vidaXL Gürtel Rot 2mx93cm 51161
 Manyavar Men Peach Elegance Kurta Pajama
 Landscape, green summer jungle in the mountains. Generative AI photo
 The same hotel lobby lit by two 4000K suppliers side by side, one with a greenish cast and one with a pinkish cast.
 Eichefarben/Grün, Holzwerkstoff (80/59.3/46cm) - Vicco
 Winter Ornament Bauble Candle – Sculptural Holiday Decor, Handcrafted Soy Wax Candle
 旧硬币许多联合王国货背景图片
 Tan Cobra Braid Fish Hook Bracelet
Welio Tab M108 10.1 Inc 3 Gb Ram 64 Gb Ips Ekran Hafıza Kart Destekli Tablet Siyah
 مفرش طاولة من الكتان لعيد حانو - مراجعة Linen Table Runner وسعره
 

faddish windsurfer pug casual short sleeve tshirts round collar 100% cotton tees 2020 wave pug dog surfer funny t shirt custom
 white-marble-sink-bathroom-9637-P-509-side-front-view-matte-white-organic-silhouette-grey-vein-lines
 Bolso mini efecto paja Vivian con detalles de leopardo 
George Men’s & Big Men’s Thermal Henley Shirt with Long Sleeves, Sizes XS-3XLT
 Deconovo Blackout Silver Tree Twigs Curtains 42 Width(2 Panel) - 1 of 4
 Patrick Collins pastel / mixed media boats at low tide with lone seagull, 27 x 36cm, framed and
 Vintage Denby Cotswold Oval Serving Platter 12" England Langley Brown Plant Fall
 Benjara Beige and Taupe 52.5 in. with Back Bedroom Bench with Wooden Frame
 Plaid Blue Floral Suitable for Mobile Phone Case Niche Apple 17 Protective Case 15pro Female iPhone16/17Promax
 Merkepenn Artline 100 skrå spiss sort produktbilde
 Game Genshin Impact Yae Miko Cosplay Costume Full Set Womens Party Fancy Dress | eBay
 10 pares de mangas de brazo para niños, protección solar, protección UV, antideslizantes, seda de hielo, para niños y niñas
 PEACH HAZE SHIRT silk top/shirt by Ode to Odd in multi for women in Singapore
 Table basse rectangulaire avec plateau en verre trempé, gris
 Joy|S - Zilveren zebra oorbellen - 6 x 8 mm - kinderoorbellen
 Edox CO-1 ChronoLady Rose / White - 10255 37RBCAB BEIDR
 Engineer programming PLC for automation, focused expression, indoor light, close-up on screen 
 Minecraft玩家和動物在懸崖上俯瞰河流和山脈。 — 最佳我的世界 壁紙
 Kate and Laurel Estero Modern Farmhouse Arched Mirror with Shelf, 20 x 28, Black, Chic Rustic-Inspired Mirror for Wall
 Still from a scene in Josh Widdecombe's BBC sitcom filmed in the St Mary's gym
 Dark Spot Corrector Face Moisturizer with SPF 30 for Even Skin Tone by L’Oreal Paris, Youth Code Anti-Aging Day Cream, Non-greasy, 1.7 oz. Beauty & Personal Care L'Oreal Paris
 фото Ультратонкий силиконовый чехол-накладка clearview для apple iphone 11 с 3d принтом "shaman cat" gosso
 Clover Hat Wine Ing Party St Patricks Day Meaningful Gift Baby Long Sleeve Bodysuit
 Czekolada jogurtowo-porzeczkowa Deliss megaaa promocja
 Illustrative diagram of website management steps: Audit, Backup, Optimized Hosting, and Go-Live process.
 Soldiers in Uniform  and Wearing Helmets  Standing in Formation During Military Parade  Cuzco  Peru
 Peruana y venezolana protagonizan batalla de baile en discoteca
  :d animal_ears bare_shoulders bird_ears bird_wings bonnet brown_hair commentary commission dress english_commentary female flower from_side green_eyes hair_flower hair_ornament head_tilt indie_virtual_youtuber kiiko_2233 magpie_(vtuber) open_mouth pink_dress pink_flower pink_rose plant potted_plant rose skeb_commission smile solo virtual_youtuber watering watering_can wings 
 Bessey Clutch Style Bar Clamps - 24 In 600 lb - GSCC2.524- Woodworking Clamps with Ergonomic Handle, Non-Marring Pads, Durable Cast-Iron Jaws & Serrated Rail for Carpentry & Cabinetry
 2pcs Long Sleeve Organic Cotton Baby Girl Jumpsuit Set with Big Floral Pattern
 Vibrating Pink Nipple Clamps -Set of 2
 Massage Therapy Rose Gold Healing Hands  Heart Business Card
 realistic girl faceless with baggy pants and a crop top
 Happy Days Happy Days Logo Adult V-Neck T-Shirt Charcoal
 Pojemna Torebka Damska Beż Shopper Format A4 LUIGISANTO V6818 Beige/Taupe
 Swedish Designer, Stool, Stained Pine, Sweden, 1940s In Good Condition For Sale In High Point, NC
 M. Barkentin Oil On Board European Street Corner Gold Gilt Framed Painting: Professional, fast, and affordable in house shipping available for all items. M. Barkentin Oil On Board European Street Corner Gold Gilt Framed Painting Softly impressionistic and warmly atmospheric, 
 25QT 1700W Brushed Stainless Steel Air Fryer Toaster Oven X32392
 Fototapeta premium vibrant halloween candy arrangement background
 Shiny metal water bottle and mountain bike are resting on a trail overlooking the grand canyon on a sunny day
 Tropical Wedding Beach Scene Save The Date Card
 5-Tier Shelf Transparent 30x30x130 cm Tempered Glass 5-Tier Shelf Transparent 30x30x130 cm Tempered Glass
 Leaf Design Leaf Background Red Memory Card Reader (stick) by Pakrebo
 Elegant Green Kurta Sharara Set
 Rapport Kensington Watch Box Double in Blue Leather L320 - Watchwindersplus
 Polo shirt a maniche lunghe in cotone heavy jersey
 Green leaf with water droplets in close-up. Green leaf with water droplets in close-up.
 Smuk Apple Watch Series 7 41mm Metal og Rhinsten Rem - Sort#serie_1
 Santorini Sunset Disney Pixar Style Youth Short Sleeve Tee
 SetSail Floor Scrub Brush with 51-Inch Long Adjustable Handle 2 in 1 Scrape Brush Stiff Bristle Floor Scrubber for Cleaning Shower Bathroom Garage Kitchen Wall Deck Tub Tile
####################
• [Required work]
Wherever the string "Blue" appears in a line of the records above, copy that line.

• [Response box]
 Plaid Blue Floral Suitable for Mobile Phone Case Niche Apple 17 Protective Case 15pro Female iPhone16/17Promax
 Rapport Kensington Watch Box Double in Blue Leather L320 - Watchwindersplus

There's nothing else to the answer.